The worst part of this entire episode is that we have all gone on a man-hating, woman sympathising spree. We are talking about violence against women. About the safety of women. About how this entire thing is about the way our culture treats women. At this point, it would be the most obvious thing to also question and stand up for the the safety of and the violence against the men. But this is where I believe we are all lost. It is not about men and women. It is about a crime against humans, a black mark on humanity itself. No human being, regardless of gender, should be treated like this.

A friend of mine put up a very interesting status on the issue suggesting that Delhi rapists must stop raping because they are giving feminists a reason to get things their way:

“I guess it should be made official. Delhi – The most dangerous city in the world for women! Heinous, atrocious and merciless monsters dwelling in the place. Time and again hearing the same news again and again. Thank you Delhi rapists, you're giving the feminists exactly what they need – stringent laws meant for women against men. Laws where even false accusations count in any other safe city or any part of India because of what happened in NCR/Delhi. Bravo, bravo! Thanks to Delhi rapists, the threat of feminist laws would be the order of the day for the entire nation's innocent men. Sentiments from an anti-feminist.”

Firstly, this guy has got the meaning of feminism completely wrong. Feminism is the belief that men and women are equal or gender equality. I understand there are feminists out there whose ideas are simply repulsive but to completely misunderstand the word feminism is sheer stupidity. I agree that the literal term may be misguiding but a little research will lead you to discover that feminism is not pro-woman and anti-man, rather it is adhering to standards of gender equality. Sexual violence is not a women's rights issue. It is a human rights issue. Completely and wholly a human rights issue. The more we exclude the plight of men and focus on a woman's rights in a society like ours, we encourage exclusion. The only way forward is inclusion.

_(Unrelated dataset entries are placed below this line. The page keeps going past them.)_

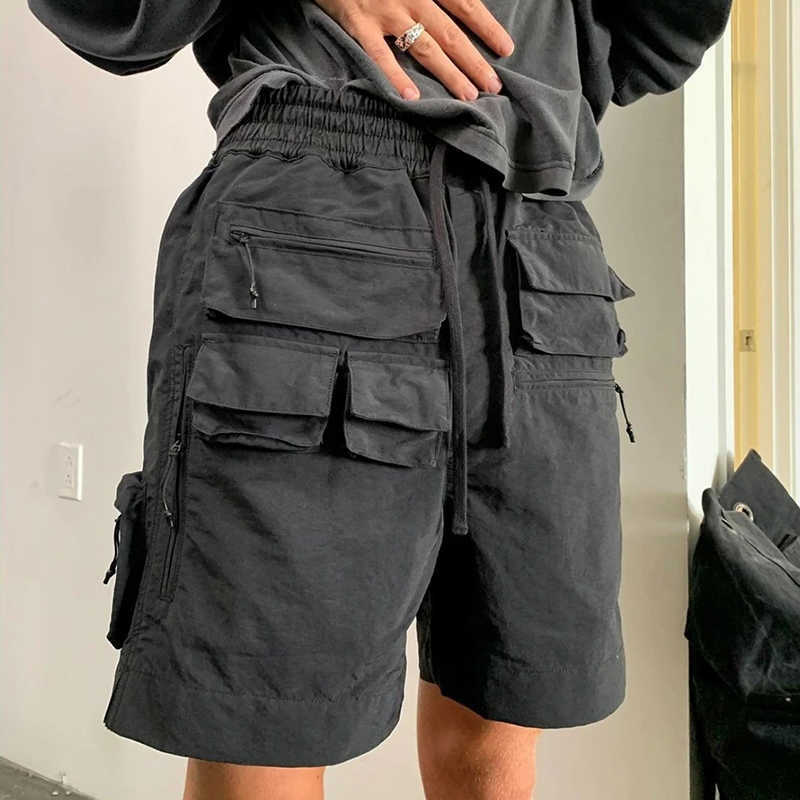 

Men' Travis Scott whoisjacob Cargo Shorts, Black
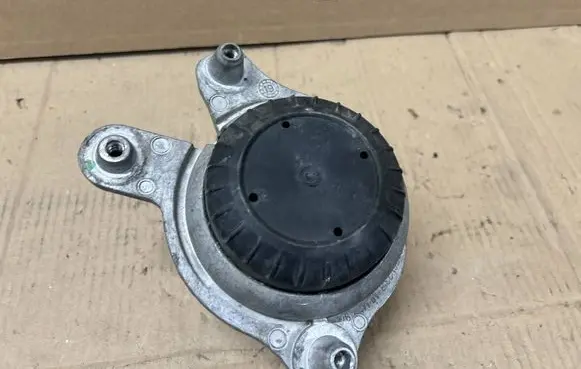 Mercedes-Benz E W213 Engine mount bracket A2132405500 2132405500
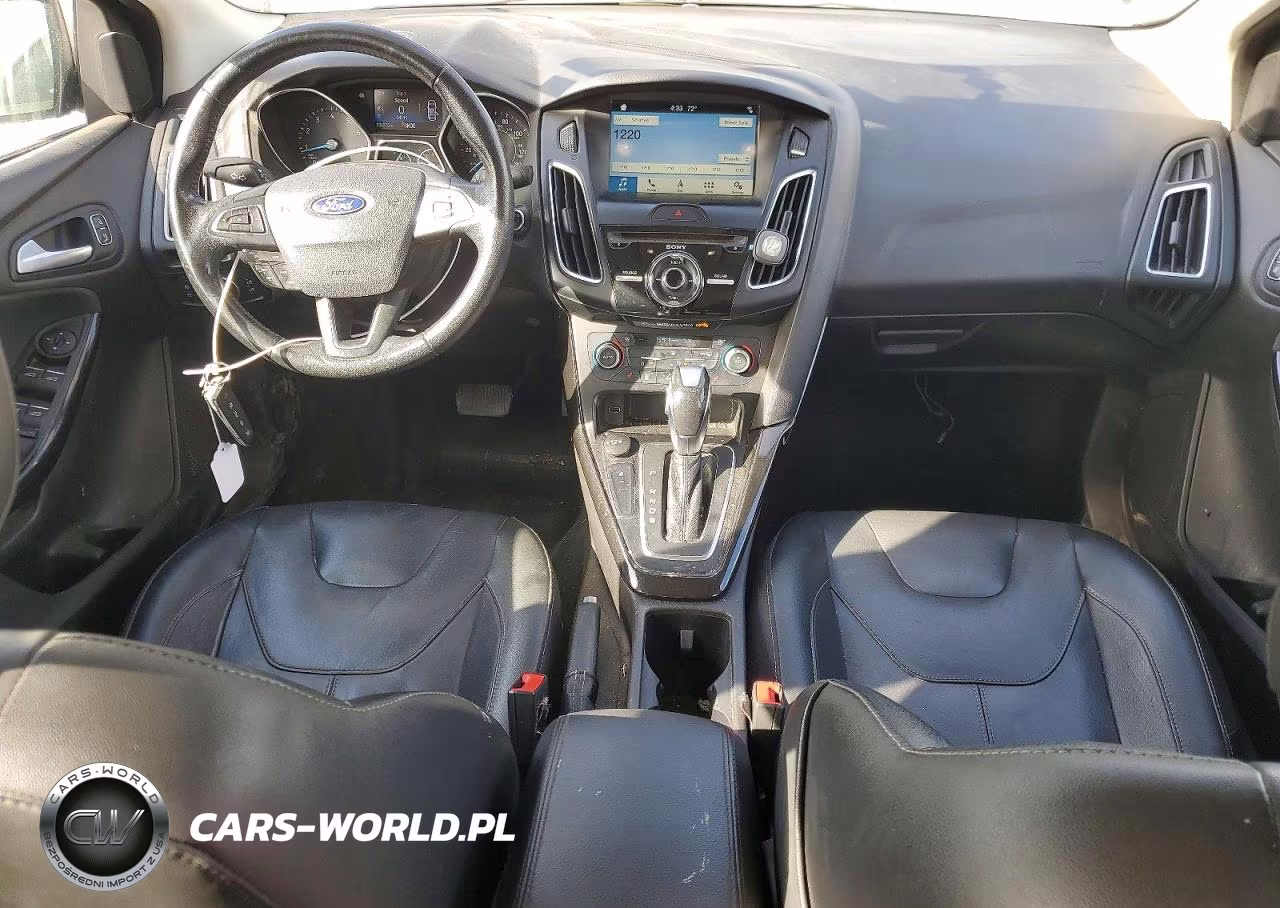 2018 Ford Focus Titanium VIN:1FADP3J21JL283321 - 8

I'd like to keep up with the composed and tempered style in which I have, in the past, penned down my frustrations but at the moment, nothing seems to shake off the anguish that has filled me with this incident. What irks me more is the overwhelming response. In the past we have had the death of Keenan Santos and Reuben Fernandez, the many incidents of rape in Delhi leading to an imposition of a curfew, the gang-rape of a student in National Law School Bangalore, courts not recognising marital rape as a crime, khap panchayats blaming chowmein and countless similar incidents. Did it take this one girl and her friend's brutal torture for you to wake the fuck up?

While I am glad that this incident has finally pushed the media to relevantly deal with and question on the subject, I fear that this too shall pass like the many instances of sexual violence that we have seen on the news. I fear that these stories will come and go as fads for us to exercise armchair activism and at the end of it we too shall contribute to it. What happened to that girl, her plight was not only in the hands of those six men. It was in our hands too. Our society is but a reflection of our thoughts. How often do we walk through the streets, get felt up and walk away in silence? How often do we see other people get teased and molested and walk away in silence? If we don't do so now, at some point we have contributed with our silence. At this point I urge you to not lose the anger, wake up and scream. No more silence.

In the words of a friend, it is not the end of the world we are approaching, it is the end of humanity.